Eso sólo podía significar una cosa, pero quise asegurarme.
– ¿Su esposa?
– Peor. Me tengo que ir. Nos encontramos allí.
18
A finales de septiembre Elaine y yo pasamos una tarde idílica en Brighton Beach. Fuimos en el metro Q hasta el final de la línea y paseamos por Brighton Beach Avenue, curioseando en los mercadillos de los artesanos, mirando escaparates y explorando luego las travesías con sus modestas casas de madera, caminando también por la red de calles secundarias, pequeños caminos, callejas, callejones y pasos. El grueso de la población estaba compuesto por judíos rusos, muchos de los cuales habían llegado hacía muy poco, de forma que el vecindario parecía muy extranjero, aunque seguía siendo esencialmente neoyorquino. Comimos en un restaurante georgiano y luego caminamos por la rambla de madera hasta Coney Island, observando a personas más audaces que nosotros mecerse en el océano. Después pasamos una hora en el Acuario y luego volvimos a casa.
Si ese día nos hubiéramos cruzado en la calle con Yuri Landau, no creo que lo hubiéramos mirado dos veces. Debía de sentirse cómodo allí, como alguna vez debió de sentirse en las calles de Kiev o de Odesa. Era un hombre corpulento, de ancho torso, con una cara que podría haber servido de modelo para un obrero idealizado en uno de aquellos murales de los días del realismo socialista. Una frente ancha, pómulos altos, planos faciales de ángulos afilados y una mandíbula prominente. Su cabello lacio era de color castaño; solía sacudir la cabeza para quitarse el pelo de la cara. Se acercaba a los cincuenta años y llevaba diez en los Estados Unidos. Había venido con su esposa y su niña de cuatro años, Ludmilla. En la Unión Soviética se dedicaba a una especie de comercio en el mercado negro, y en Brooklyn se volcó con facilidad en varias empresas marginales y, antes de que pasara mucho tiempo, estaba traficando con narcóticos. Le había ido bien, por supuesto, pues ése es un negocio en el que nadie pierde. Si no te matan ni te meten preso, generalmente te va bien.
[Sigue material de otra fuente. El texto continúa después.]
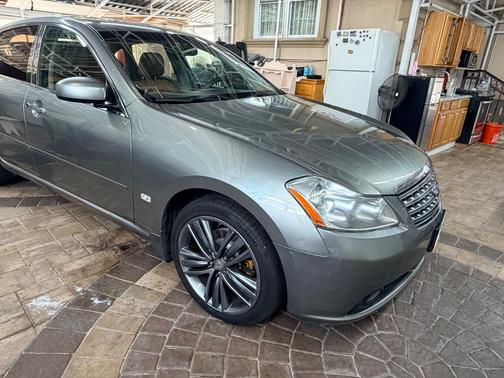 Gray 2007 INFINITI M35 x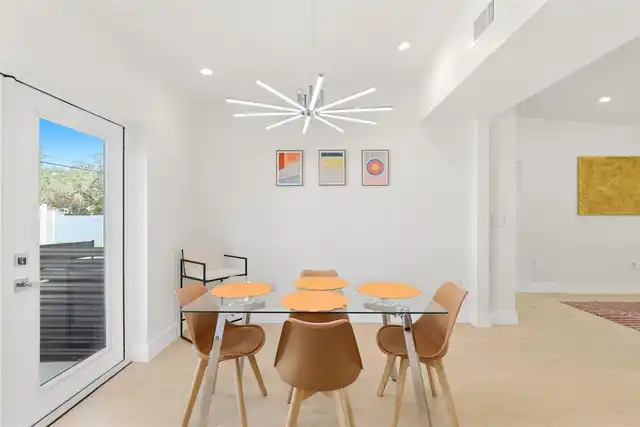 Listing Photo 16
Cuatro años antes le habían diagnosticado a su esposa un cáncer de ovarios, ya con metástasis. La quimioterapia le había prolongado la vida durante dos años y medio. Esperaba vivir lo suficiente para ver ingresar a su hija en el instituto, pero murió en el otoño. Ludmilla, que ahora se llamaba Lucía, ingresó en primavera y ahora cursaba el primer año en la academia Chichester, un pequeño colegio superior privado para niñas, situado en Brooklyn Heights. La cuota era alta, pero también lo eran las exigencias académicas, y Chichester tenía excelentes antecedentes en cuanto a ingresar a sus alumnas en las universidades de la Ivy League, así como en universidades femeninas tales como Bryn Mawr y Smith.